Bu çerçevede, Cumhurbaşkanı Sunay üzerinden Başbakan Süleyman Demirel’in istifası sağlanarak Adalet Partisi hükümeti geri çekilecek, asker vesayetinde, CHP Milletvekili Nihat Erim’in başbakanlığında asker teknokrat bir hükümetin kurulması sağlanarak geniş kapsamlı bir operasyon yapmak için zaman kazanılacak ve kandırılan “ilerici” subaylar hızla tasfiye edilecekti.
12 Mart faşist darbesine karşı tek bağımsız tavır 1971 devrimci direnişçilerinden gelecekti…
Deniz Gezmiş, Yusuf Aslan, Hüseyin İnan, Sinan Cemgil’lerin “acelesi” vardı, “erken” davranacak harekete geçeceklerdi…
Sol grupların ‘9 Mart sol darbe girişimi de içinde, darbelere karşı nasıl tutum almalı?’ toplantısından ‘sol da gelse sağ da gelse bize vurur’ gerekçesiyle çekilen ve ‘darbeye direnmek için hazırlık zorunluluğu’ içinde olan Mahir Çayan ve arkadaşları, Deniz’leri frenleyemeyince, 12 Mart Darbesi’nden kısa bir süre sonra onlar da harekete geçme zorunda kalacaktı.
Bu arada Deniz Gezmiş, Hüseyin İnan, Yusuf Aslan yakalanmışlar ve ‘ip’in altındaydılar.
Deniz Gezmiş, Hüseyin İnan ve Yusuf Aslan’ı kurtarmak için Mahir Çayan ve yoldaşlarınca, 17 Mayıs 1971’de İsrail Başkonsolosu Elrom’ın kaçırılmasından sonra, “Balyoz” adı verilen harekât üzerinden Amerikancı 12 Mart Darbesi sürece hâkim olacak, toplumsal muhalefeti, ordu ve devlet bürokrasisi içindeki ‘ilerici’ güçleri hızla tasfiyeye yönelecekti.
30 Haziran 1971’de Alpaslan Özüdoğru, Kadir Manga ve Sinan Cemgil Nurhak dağlarında katledilecekti.
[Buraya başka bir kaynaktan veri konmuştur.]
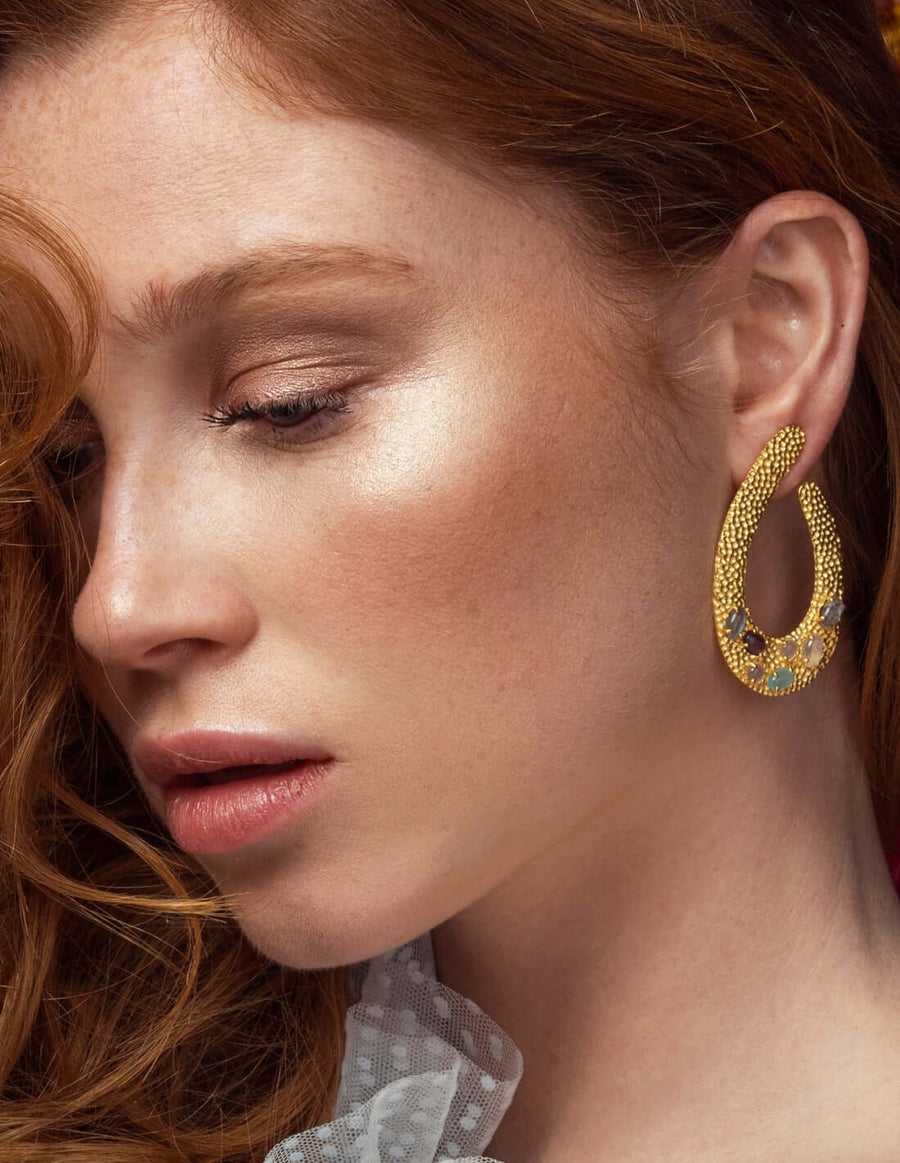 Lavani Pendientes Persia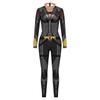 Roboter Punk Skelett Steampunk 3D Digitaldruck Cosplay Kostüm Damen Spandex Zentai Bodysuits Jumpsuits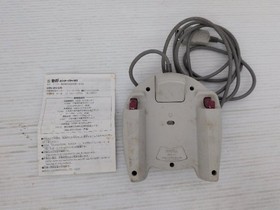 Multi Controller (HSS-0137 / SEGA Saturn) Sega Saturn JP GAME. 9000025600620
1 Haziran 1971’de Maltepe’de bir evde kuşatmaya alınan Hüseyin Cevahir katledilecek, Mahir Çayan yaralı ele geçirilecekti.
Maltepe Askeri Cezaevi’nden firar etmelerinden sonra, Mahirlerin 12 Mart Darbesi’ne karşı direnişi, Deniz’lerin idamını engelleme tarihsel, toplumsal, siyasal zorunluluğuyla birleşecekti.
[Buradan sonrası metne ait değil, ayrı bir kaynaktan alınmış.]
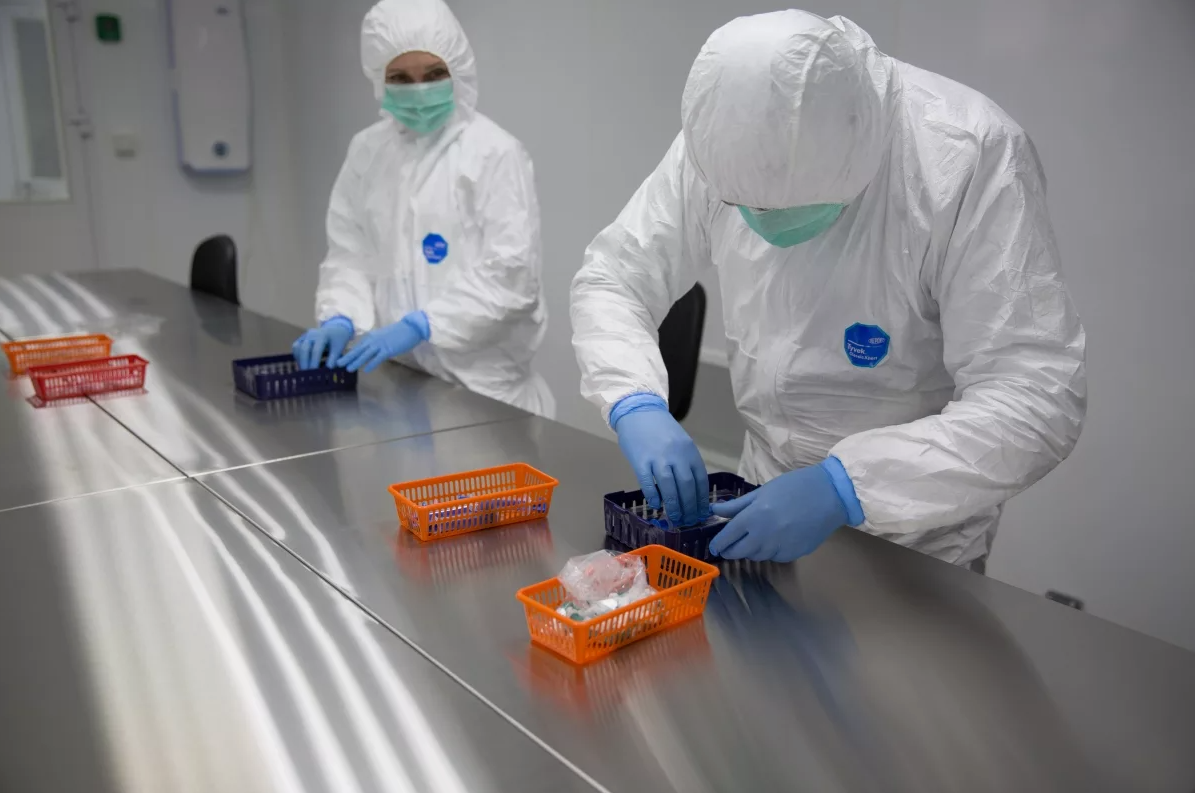 Государственный надзор за производством и обращением медицинских изделий: новации и вызовы для бизнеса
Maltepe Cezaevi firarından sonra bölünme ve iç ihanetin kuşatıcı ve ağır baskı koşullarında, Ulaş Bardakçı İstanbul’da, Koray Doğan Ankara’da katledilecekti.
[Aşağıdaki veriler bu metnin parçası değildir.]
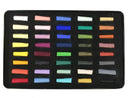 Art Spectrum Artists' Soft Pastel Half-Stick Set of 40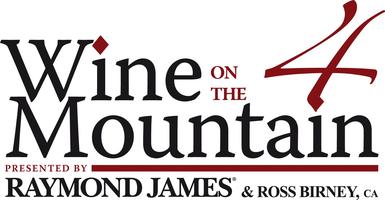 Wine on the Mountain 4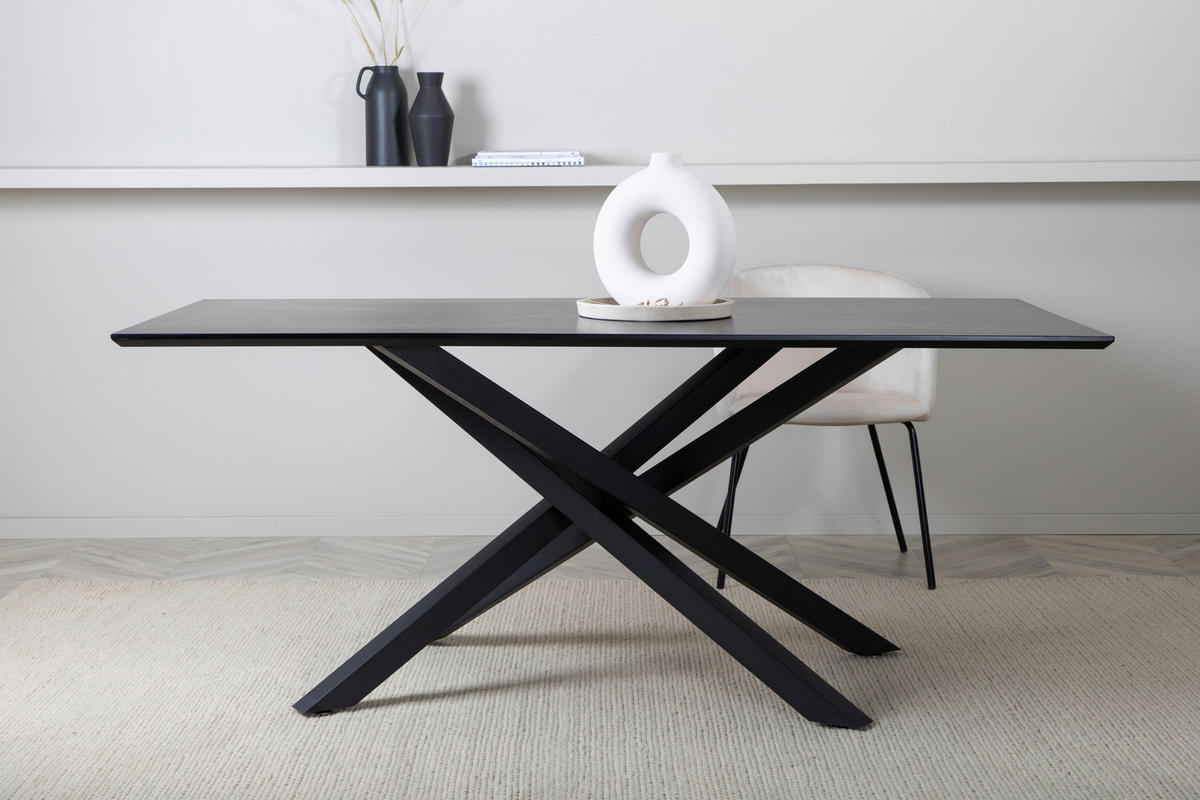 FLACHWEBETEPPICH 160/230 cm Weiß  - Weiß, LIFESTYLE, Textil (160/230cm) - P & B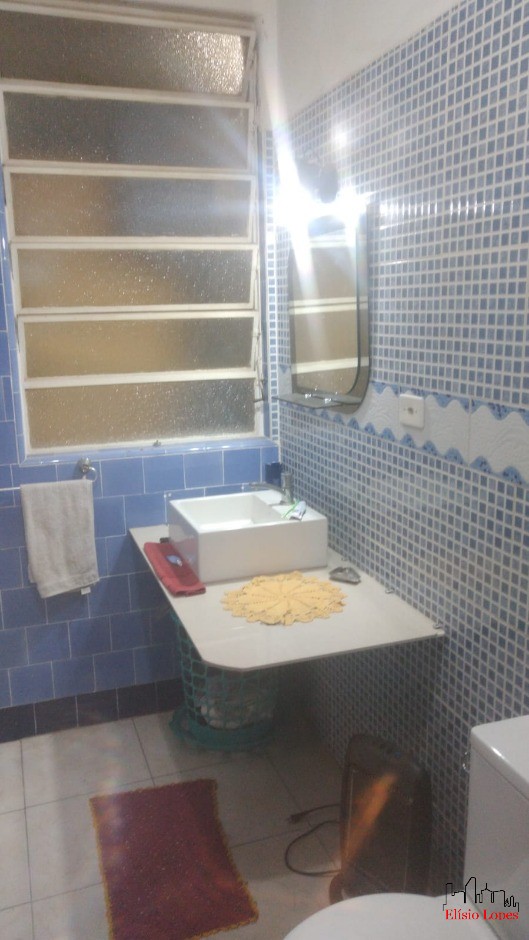 Apartamento, 3 quartos, 100 m² - Foto 4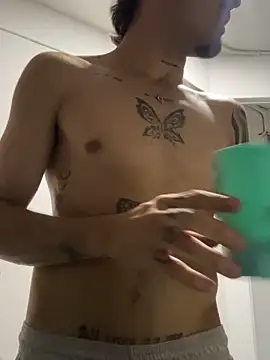 NikoStone_のライブXXXチャット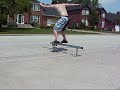 Rail Sesh Rail Sesh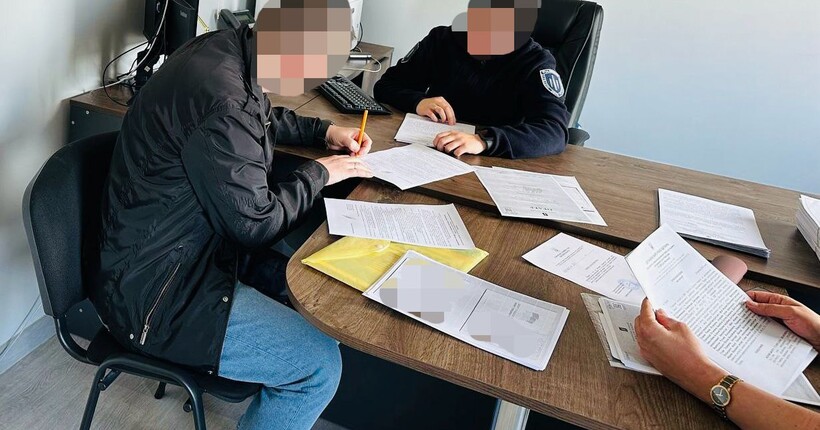 На Одещині судитимуть посадовця ТЦК за продаж даних в системі 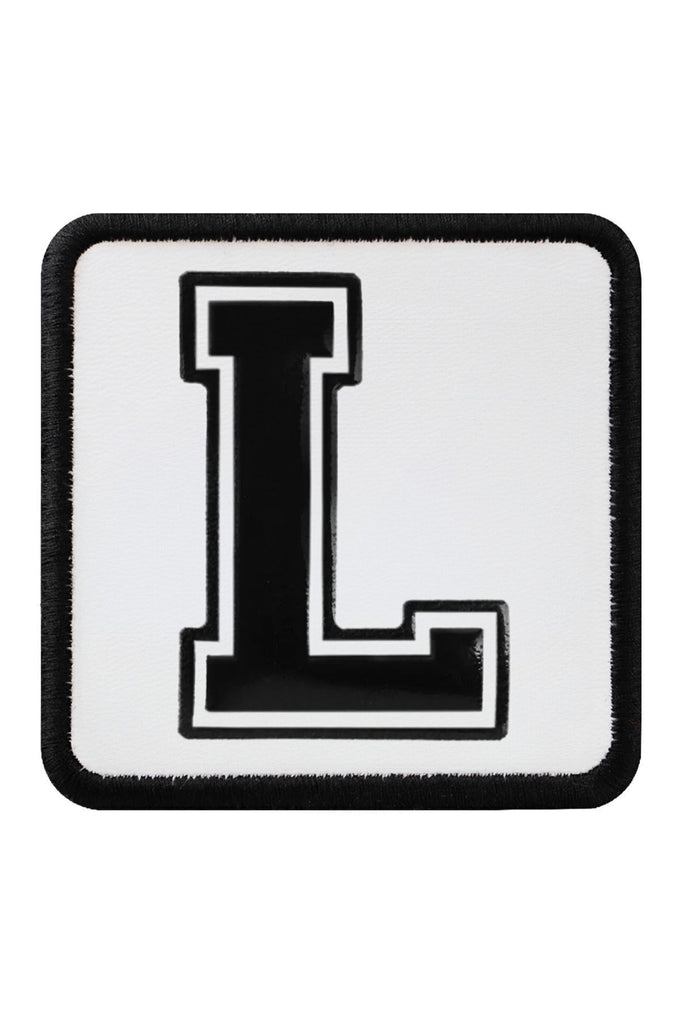 L Letter Logo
30 Mart 1972’de Mahir Çayan ve 10 yoldaşı ise Kızıldere’de katledilecekti.
6 Mayıs 1972’de Deniz Gezmiş, Hüseyin İnan, Yusuf Aslan asılacaktı.
Bu olanları, Doğu Perinçek’ten kopan İbrahim Kaypakkaya’nın yoldaşları ile birlikte Dersim dağlarında yakalanışı, ideolojik serüveni, işkence altında destansı direnişi ve katledilmesi izleyecekti.